BANDUNG, BandungOke.com — Kota Bandung kembali jadi panggung euforia kolektif yang dibalut jargon sehat dan gaya hidup aktif.
Pocari Sweat Run 2025 siap digelar akhir pekan ini. Ribuan pelari dari berbagai kota akan memadati pusat kota, menyusuri jalan-jalan protokol yang biasanya dipakai warga untuk bekerja, berdagang, atau sekadar beraktivitas.
Lomba lari tahunan yang dulu identik dengan Gedung Sate kini bergeser ke Balai Kota. Dengan empat kategori 5K, 10K, Half Marathon, dan Kid Dash, ajang ini tak ubahnya pesta besar yang menutup wajah kota dari warganya sendiri.
Dalam releas yang disampaikan oleh Pemkot Bandung, Mulai tengah malam, Sabtu dan Minggu, hampir seluruh jantung kota akan dibekukan untuk memberi ruang pada pelari.
Dari Jalan Merdeka hingga Dago, dari Asia Afrika sampai Gatot Subroto, denyut kota akan terhenti demi sepatu-sepatu lari, kamera ponsel, dan panggung-panggung kecil promosi merek.
Pemerintah Kota Bandung meminta masyarakat “mengerti.” Lewat jalur alternatif yang sempit, kendaraan pribadi dan umum diimbau “mengalah” dari Sabtu pukul 00.00 hingga Minggu pukul 10.00.
Sementara mereka yang tetap nekat masuk rute lomba, akan dihadang blokade dan konvoi marshal.

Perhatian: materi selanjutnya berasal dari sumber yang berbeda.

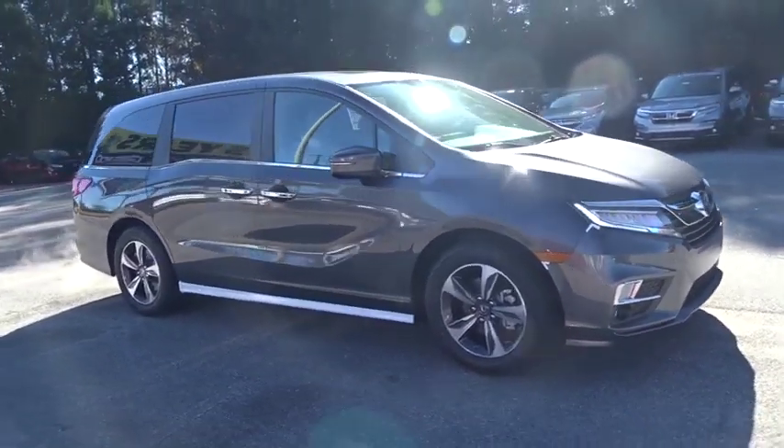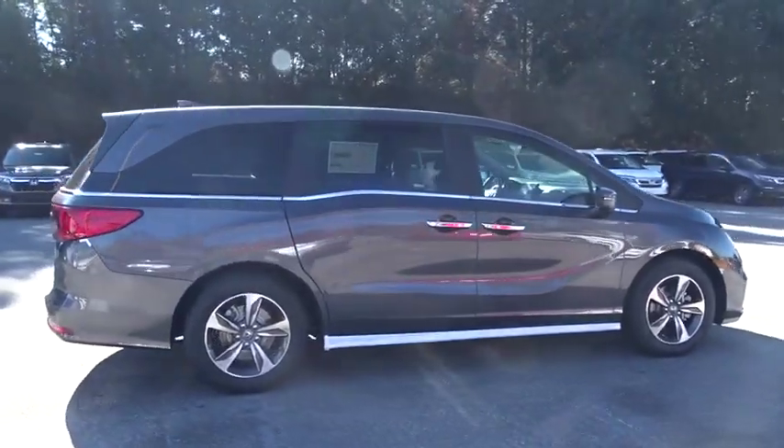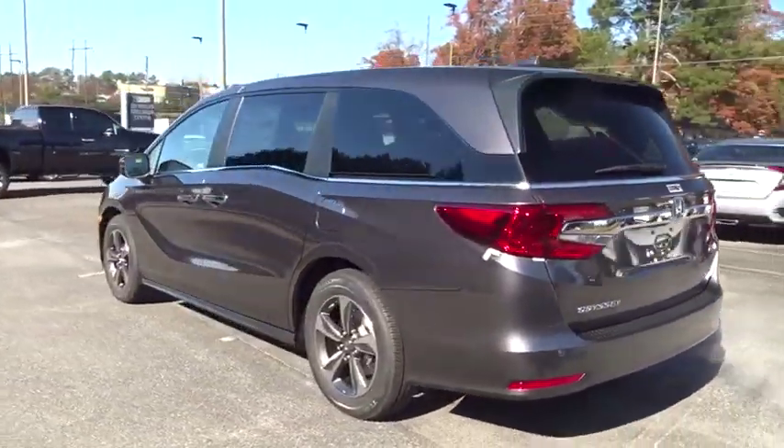The 2019 Honda Odyssey. The Honda Odyssey is a showcase of distinguished style, captivating technology, and advanced safety features — a must for all families. Here are some of this vehicle's great options.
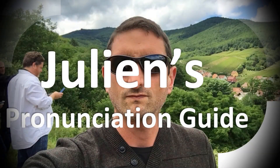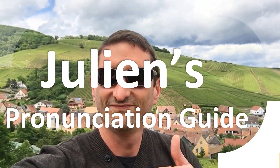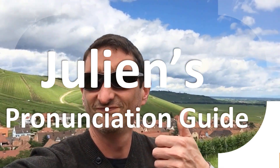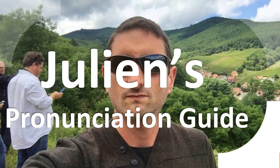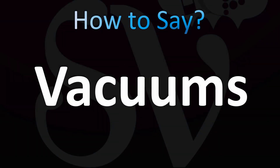You are looking at Julian's pronunciation guide, where we look at how to pronounce better some of the most mispronounced words in the world, like this other curious word. Let's learn how to pronounce this word in English — the correct pronunciation. This is the plural of the word vacuum.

Pemerintah menjanjikan bahwa parkir tidak akan semrawut, dengan menyediakan kantong parkir di mal dan masjid. Tapi kita tahu, realitas Bandung adalah satu, jalan sempit, kendaraan bejibun, dan parkir liar yang sulit dicegah.
Ajang ini diklaim bukan sekadar lomba, tapi “simbol kota kreatif dan sehat.” Tapi benarkah? Apa benar lari ini membawa dampak positif nyata bagi warga kota? Atau hanya menjadikan ruang kota sebagai panggung sementara para influencer, sponsor, dan pejabat yang haus pencitraan?
Tak semua warga bisa ikut lari. Banyak yang justru akan terjebak di rumah, kehilangan akses jalan, bahkan potensi kehilangan nafkah akibat toko atau warung yang terisolasi. Tidak semua orang memandang olahraga sebagai hiburan, apalagi jika dibarengi penutupan akses publik.
“Pocari Run bukan sekadar event, tapi wajah baru kolaborasi kota,” kata narasi resmi dari Pemkot Bandung. Namun apakah kolaborasi itu melibatkan warga yang jalannya ditutup? Yang harus mengubah rute kerja atau kehilangan pelanggan karena kemacetan?
Seharusnya, kota dibangun untuk semua. Bukan hanya untuk mereka yang punya waktu dan fisik untuk berlari. Gaya hidup sehat tak seharusnya jadi alasan untuk mematikan hak mobilitas publik.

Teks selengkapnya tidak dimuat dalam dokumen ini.